Plaçant pareillement la relation au centre de leurs préoccupations, certains anthropologues avancent même l’idée selon laquelle le rêve servirait, avant toute chose, à faire du lien !


Puisque les rêves poussent leurs auteurs à se les raconter les uns les autres, ils sont, par essence, créateurs de lien social.

Véritable opérateur de « reliance » (le terme est du psychosociologue belge Marcel Bolle de Balle), le rêve apporterait sa pierre à la régulation sociale, gratifiant les hommes d’un supplément de paix et de « religion » (au sens premier du terme). Ce dont nous avions déjà eu vent, du reste, lors de l’évocation des mœurs pacifiques, et fort civiles, des membres de la tribu malaise des Sénoïs (probablement la dream culture qui a fait l’objet du plus grand nombre d’études).

Au fur et à mesure, une toile invisible se tisse, inévitablement, entre ceux qui ont pour habitude de partager leurs rêves.
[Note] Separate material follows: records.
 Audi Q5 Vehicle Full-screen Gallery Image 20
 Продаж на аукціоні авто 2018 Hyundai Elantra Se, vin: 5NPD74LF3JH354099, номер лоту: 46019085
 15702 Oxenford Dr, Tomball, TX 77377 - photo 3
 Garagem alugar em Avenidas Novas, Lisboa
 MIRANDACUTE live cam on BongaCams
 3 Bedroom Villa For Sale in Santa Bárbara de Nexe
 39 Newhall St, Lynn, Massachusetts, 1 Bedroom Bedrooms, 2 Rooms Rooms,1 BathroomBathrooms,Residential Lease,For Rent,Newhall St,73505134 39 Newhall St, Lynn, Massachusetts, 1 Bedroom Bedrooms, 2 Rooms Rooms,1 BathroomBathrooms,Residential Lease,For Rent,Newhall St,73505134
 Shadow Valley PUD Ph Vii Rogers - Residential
Créant, de la sorte, une communauté « virtuelle », un sous-groupe officieux, au sein du groupe officiel. Un club privé, dans lequel chacun s’engage à jouer, en alternance, le rôle d’émetteur et de récepteur onirique.

Et voilà, en quelque sorte, comment sont nés les premiers intranets de l’histoire… les ARPANET du rêve ! Quant aux dream cultures — au sein desquelles les rêves se racontent en tribu —, c’est, ni plus moins, internet qu’elles ont inventé… le DWW : Dream Wide Web !
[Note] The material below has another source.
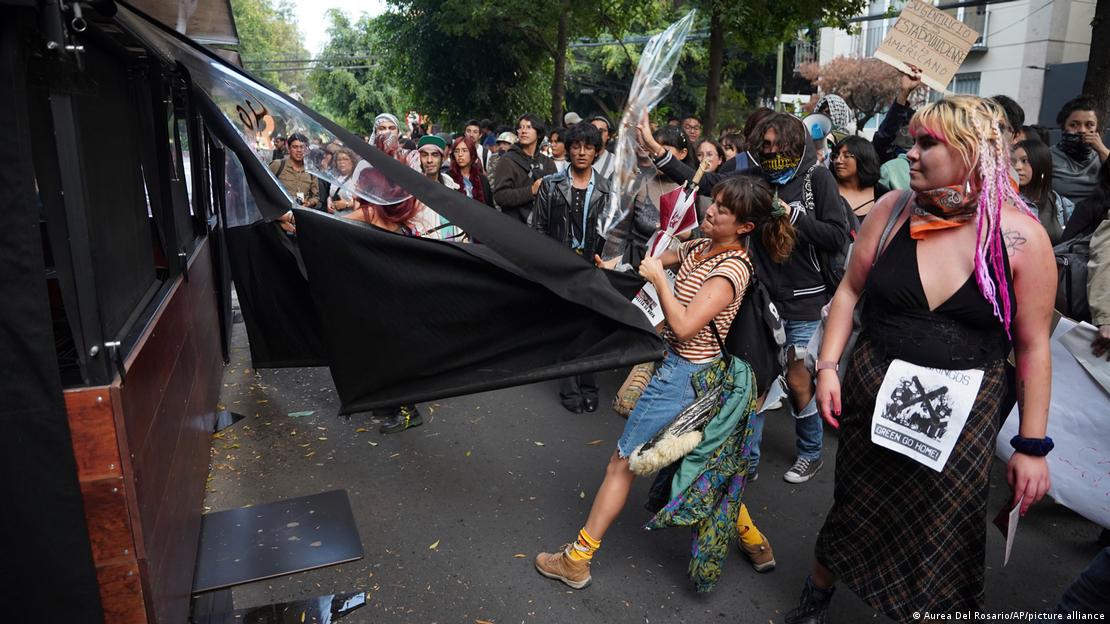 Manifestantes atacan un comedor al final de una protesta contra la gentrificación, Ciudad de México (04.07.2025)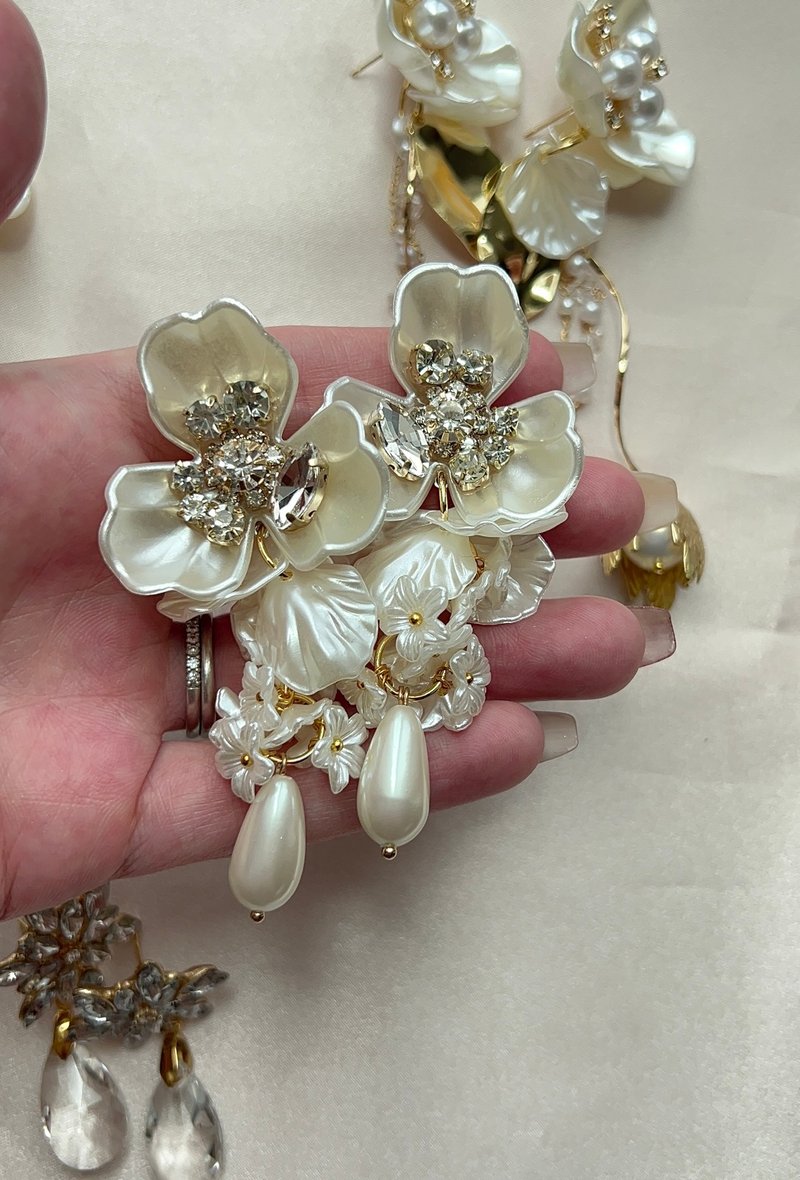 Flower lover Gold Pearl Botanical Wedding Bridal Wedding Large Earrings Petals - Earrings & Clip-ons - Other Metals White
Un internaute du XXIe parlerait d’ego exposition, de selfie et d’intimité dévoilée… tant il est vrai qu’au travers du récit d’un rêve, c’est l’intimité la plus intime qui est livrée aux oreilles indiscrètes de l’auditeur (des auditeurs, dans le cas des dream cultures). Une intimité à ce point intime, qu’elle échappe, le plus souvent, au rêveur lui-même… ce dernier ne sachant jamais, vraiment, ce que son récit trahit de sa personnalité, de ses désirs, de ses souffrances, de ses défenses, etc.

Voilà pourquoi raconter un rêve c’est prendre le risque de voir un jour cette confidence se retourner contre soi ! Cette façon de se rendre vulnérable, d’offrir à l’auditeur « le choix des armes » témoigne de l’immense confiance qui lui est accordée (Confiance que — pour cette raison, précisément — Freud refusa d’accorder à Jung, alors qu’ils voguaient, tous deux, en direction de New York [comme on peut le découvrir dans A Dangerous Method, le film du réalisateur canadien David Cronenberg]).